Thursday, 26 March 2009

Book 1, chapter 4, footnote 06

[De la richesse commerciale, Sismondi, 1803, Original, 101-02]

(6) Nous adoptons pour simplifier comme proportion constante du salaire nécessaire au produit brut qu’il donne, celle de 2 à 5. C’est d’après des calculs faits dans un pays où l’industrie n’est pas très perfectionnée que nous l’avons fixée ainsi; elle est certainement bien plus forte à Genève, et dans toutes les villes industrieuses et riches; un moindre salaire nécessaire y procure un plus grand produit brut.

[Translation]

(6) We assume, for simplification, that the proportion of the necessary wages to the gross produce from them is constantly 2 to 5. According to the calculation which has been made from a country where industry is not so improved, we have adopted the assumption. The proportion is certainly much lower in Geneva, and in all industrious and rich cities, where the smaller necessary wages procures the larger gross produce.

Wednesday, 25 March 2009

Book 1, chapter 4, footnote 05

[De la richesse commerciale, Sismondi, 1803, Original, 96]
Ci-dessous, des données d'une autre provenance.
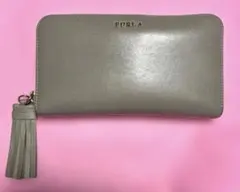 FURLA フルラ 長財布 ラウンドファスナー　フリンジ　 グレー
(5) Mr. Garnier (note XX. p. 181.) a remarqué avec raison que certaines professions improductives se distinguent par leur goût pour l’économie, que les domestiques particulièrement alimentent par leurs petits capitaux, fruits de leurs épargnes, une partie considérable du commerce des grandes villes. Ils appartiennent alors à la seconde classe de la société comme capitalistes, et à la cinquième comme valets; aussi leurs revenus sont-ils en partie directs, quant aux intérêts qu’ils perçoivent, et en partie indirects, quant aux gages qu’on leur paye.

[Translation]

(5) Mr. Garnier (note 20. p. 181) noted with reason that certain unproductive professions are distinguished for their taste for economy, and, in particular, that domestic servants activate a considerable part of commerce of big cities by their small capital, or fruits of their savings. They belong then to the second class of the society like capitalists, and to the fifth class like valets; therefore, their revenue is partly direct, as to the interest they receive, and is partly indirect, as to the wages they receive.